La maladie cancéreuse progresse et concerne toujours plus de personnes chaque année en Suisse. Des comportements pas toujours favorables à la santé ainsi qu’une exposition à certains facteurs de risque, souvent difficiles à contrôler, en sont généralement la cause. Fort heureusement, les progrès en matière de médecine, associés à l’amélioration des programmes de dépistage, conduisent en parallèle à une amélioration constante du taux de survie. Actuellement, 68% des adultes touchés par la maladie sont encore en vie cinq ans après le diagnostic.1 Par conséquent, la quantité de survivant·es du cancer* augmente régulièrement et, à l’heure actuelle, plus de 450000 personnes sont considérées comme telles en Suisse.1 Toutefois, ces personnes n’en ont pas pour autant fini avec la maladie puisque des effets secondaires et tardifs, de la maladie et/ou des traitements, peuvent encore survenir et les atteindre durant plusieurs années tout en altérant leur qualité de vie liée à la santé jusqu’à 26 ans après le diagnostic.2,3 Il s’ensuit qu’elles peuvent éprouver alors d’importants besoins au niveau bio-psycho-social et spirituel.

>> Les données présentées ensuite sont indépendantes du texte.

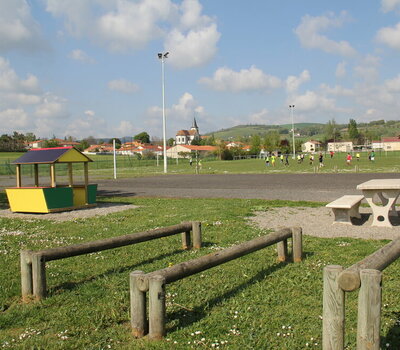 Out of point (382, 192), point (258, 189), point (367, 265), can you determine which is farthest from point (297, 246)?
point (258, 189)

Environ un tiers d’entre elles souhaite, en conséquence, un accompagnement spécialisé pour y remédier.4 Aussi, recevoir des informations claires et compréhensibles quant à leur état de santé et pouvoir bénéficier d’une continuité dans les soins de support a été identifié comme des besoins prépondérants de cette population.5 La réadaptation oncologique, notamment ambulatoire, peut et doit y apporter une contribution non négligeable.
Qu’est-ce que laréadaptation oncologique?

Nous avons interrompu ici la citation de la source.